Luis wants a function to put the “trickle down” information into its own variable and then eliminate the non-data rows. And he wants it to feel like a dplyr verb: user can provide the names of these variables in bare form, i.e. not surrounded by quotes.
First, I am easily sucked into spreadsheet problems. Second, the best way I have found to learn something, like tidyeval, is to take every opportunity to work seemingly simple examples. If they are simple … great! You’ve gotten practice. If they are not … great!
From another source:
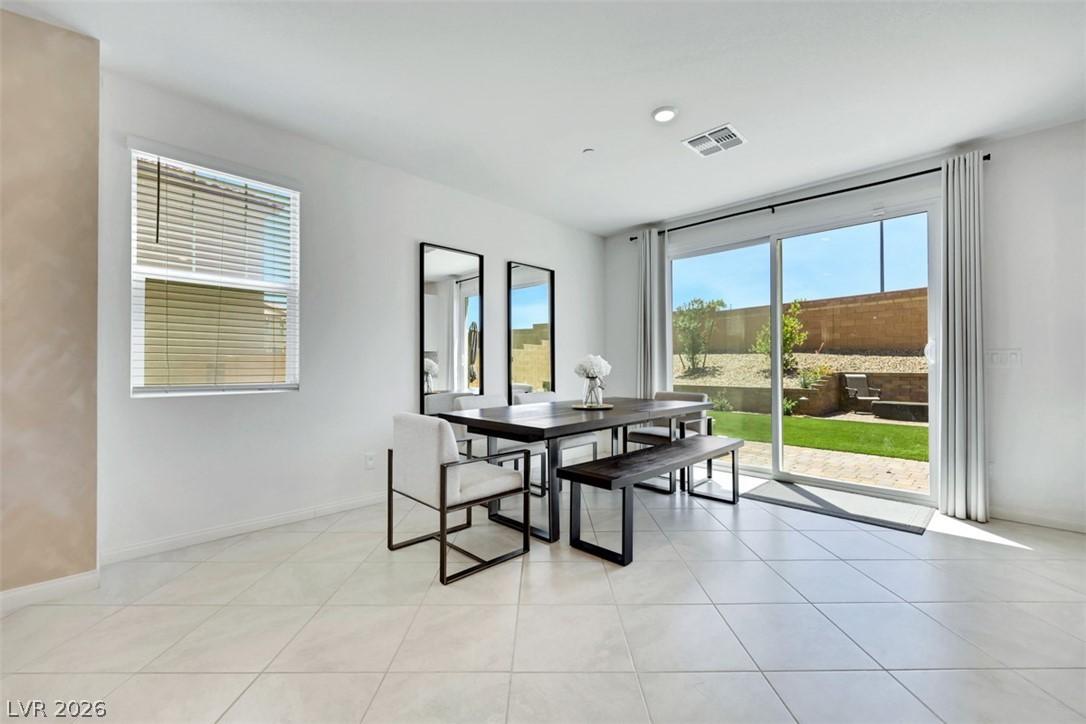 Image 2: This spacious dining area features sleek tile floo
You’ve learned something.
untangle()
So here’s my version, where “my” means I actually benefitted from very helpful input from the masterminds behind tidyeval, Lionel Henry and Hadley Wickham.
Load dplyr, tidyr, and rlang. Why rlang? dplyr re-exports the rlang functions that are most useful for “civilians”, but it was helpful here to use sym()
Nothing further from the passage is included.